A poesia, no entanto, carece de semelhante suporte (material) e, sempre que a mencionamos, tudo o que alcançamos evocar é um conjunto (ou um tumulto) de experiências a que aplicaremos um nome. Nesse conjunto, considerando-se a experiência da leitura, uma certa constância se manifesta, a qual remete à recorrência do verso, da linguagem figurada e de outros fenômenos de linguagem. Outras instâncias — que não sabemos definir bem ou sequer podemos definir — ficam no entanto subentendidas. E podem ser tão fundamentais que não temos sequer ideia do modo como se relacionam com a linguagem em si. Daí, portanto, se percebe a inadequação que há em tentar definir a poesia (e a literatura) recorrendo apenas à noção de linguagem (ou de palavra) — a qual, se calhar, não tange nela coisa alguma de fundamental (o que é o mesmo que dizer que um quadro de pintura é apenas uma tela recoberta com manchas de tinta — que ele é, de certo modo, mas isso não define a pintura).
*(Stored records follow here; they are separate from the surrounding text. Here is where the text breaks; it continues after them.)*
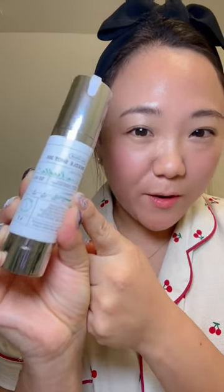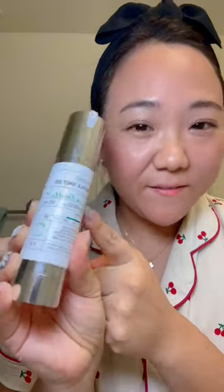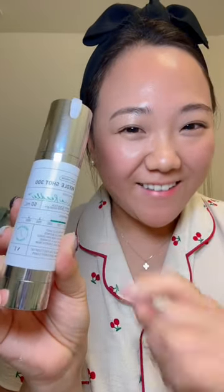This micro-needling in a bottle product is so hot in Korea right now and I'm gonna try it for the first time today. So let's see how it goes.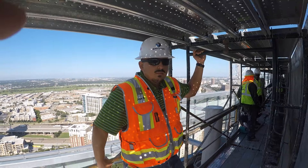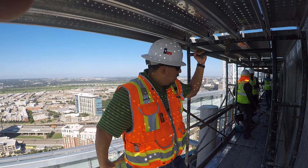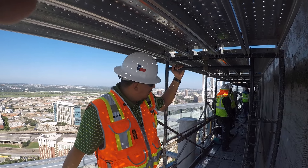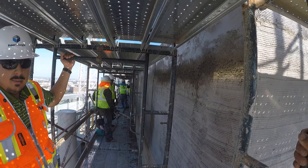This is Jose Bueno from Triangle Plaster. Being able to fly everything up here on the third floor of the penthouse makes it a whole lot easier for us to pump in. We're on a smaller tube and we still get the same amount of production.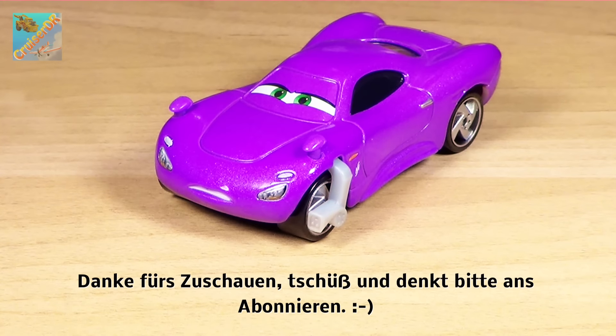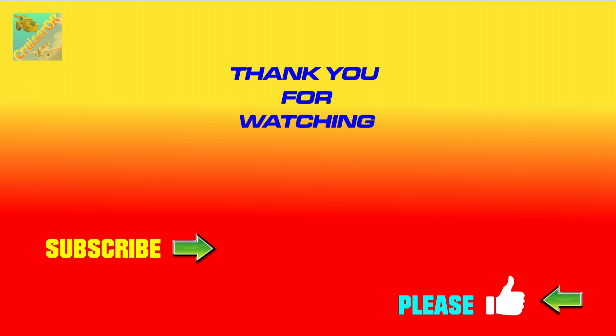Bye bye and please don't forget to subscribe. I'll see you next time.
Isso não significa que não se deva refletir sobre a poesia e sua natureza ou tentar defini-la nos termos daquilo que chamamos de uma linguagem racional, pois esse exercício terá, sempre, alguma coisa de frutífero. Porém sentiremos sempre, acompanhando esse esforço, o incômodo de pensar que, seja como for, a tentativa de conceituar a poesia nada acrescenta a ela — e não temos certeza de que se trata mesmo de algo que se possa ou se deva conceituar. O fato de ela se apresentar como alguma coisa que repele as definições (ou que delas se esquiva) deveria nos ensinar sobre ela e sobre a vida, tal como nos ensina sobre os limites e as limitações da nossa própria linguagem. A poesia existe — é o que tendemos a pensar, frequentemente. E basta que exista para que ela, de certo modo, lance alguma claridade sobre a nossa existência. E aqui não se deve insistir muito nas tentativas de concebê-la como um objeto passível de ser compreendido fora da experiência a que ele (concebido como objeto capaz de receber um nome) remete ou com a qual se conecta.
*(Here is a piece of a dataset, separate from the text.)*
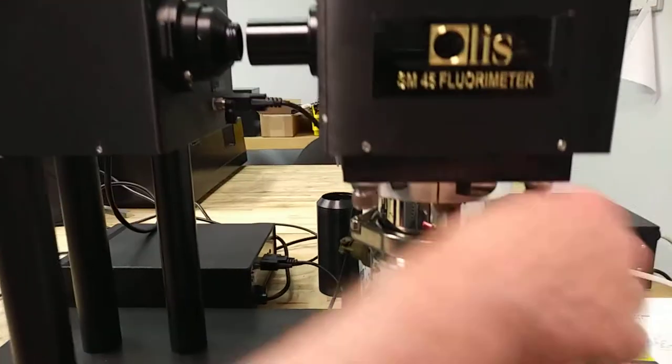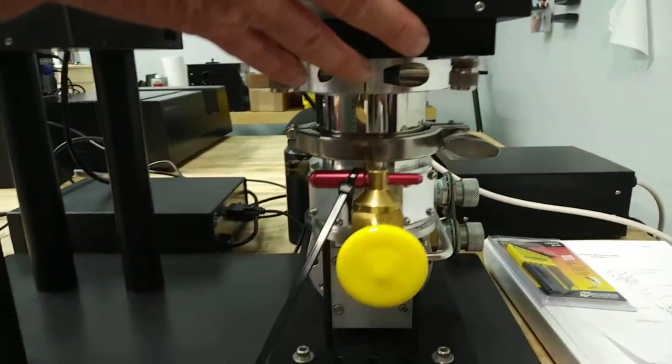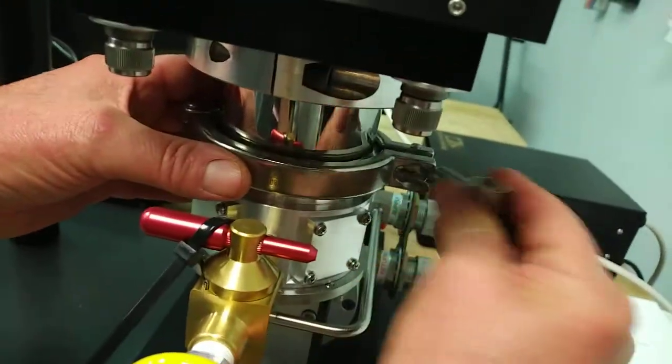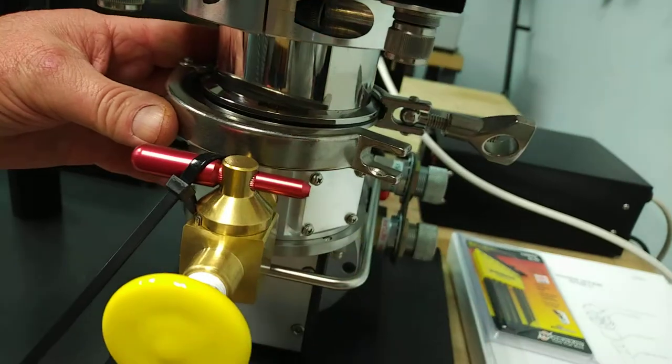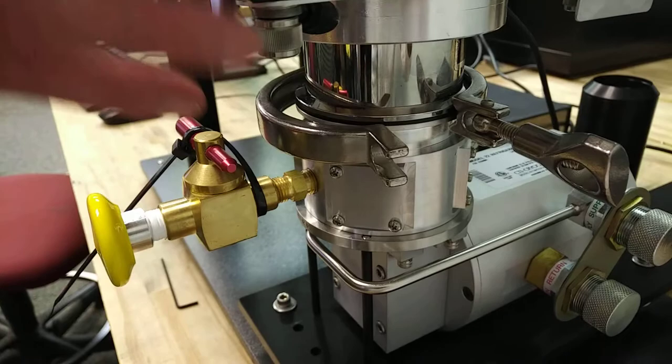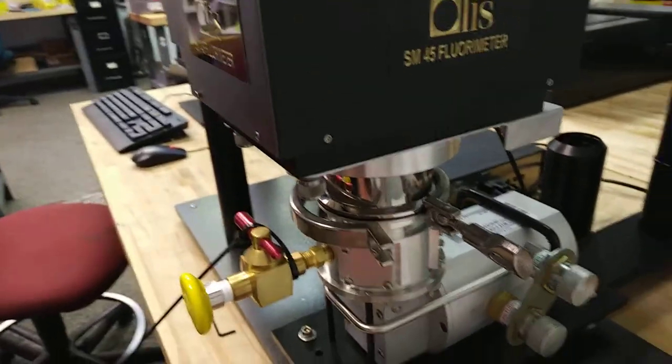And then you remove this clamp — you're just rotating that. Right, you rotate it and this clamp comes off. And then the vacuum shroud comes off as described in the Janus manual.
Talvez um dia venhamos a compreender a poesia não como um tipo ou uma categoria da experiência que devamos tratar sob a perspectiva de uma crítica, mas como um modo da experiência que nos altera sempre que tomamos contato com ele. A isso, portanto, se deveria remeter, quando se enuncia o termo — poesia — sem pretensões de abuscar dele até o ponto de pretender criar uma crítica, ou uma linguagem específica para tratá-lo e conceituá-lo. Cabe não tentar invadir os seus domínios com instrumentos que são estranhos à sua natureza.

3-7-2021


V

A crítica literária trabalha com subentendidos. O fato de haver nela tantos subentendidos mostra que a sua atividade é da mesma natureza (imaginativa e fictícia) que a da própria literatura — sobre a qual ela se debruça nos seus estudos, em busca de compreensão. Mas o que a distingue da literatura é o desejo, sempre irrealizado, de falar outra linguagem: a da ciência, a da sociologia, a da história ou da psicanálise, sempre embargada pela sua natureza fictícia (cheia, pois, de subentendidos).

A prova disso são os títulos pretensamente poéticos que se aplicam hoje em dia a tantos estudos acadêmicos publicados em todos os lugares e a linguagem falsamente artística e sugestiva com que alguns de seus cultores escrevem ensaios e resenhas. Querem ser poetas também? Mas tudo isso é, no fim, simplesmente enjoativo, e a impressão que se tem é de que se deve sair dali o mais rápido possível, para que a mente não seja contaminada por aquele gênero de ilusão ou desvario.

No entanto, uma ciência que assumisse um volume qualquer de subentendidos para sustentar os seus fundamentos não seria uma ciência. Também uma literatura que, por seu turno, tentasse fundar a sua linguagem sobre esquemas e fórmulas (à maneira do que o estruturalismo fazia há algumas décadas) seria uma literatura falhada. O fictício deveria englobar — como ficções — esses esquemas e fórmulas. Uma ciência não pode ser imaginária — é o que se sabe —, muito embora deva sempre recorrer à imaginação para expandir os seus limites.

Cientistas de verdade, como Einstein, o compreenderam muito bem. Do mesmo modo, uma literatura científica — que abrisse mão de seu pressuposto imaginativo —  não poderia existir. Sempre lhe faltaria alguma coisa, porquanto é da sua natureza abranger o imaginário, e quem não entende isso não deve escrever poesia ou ficção.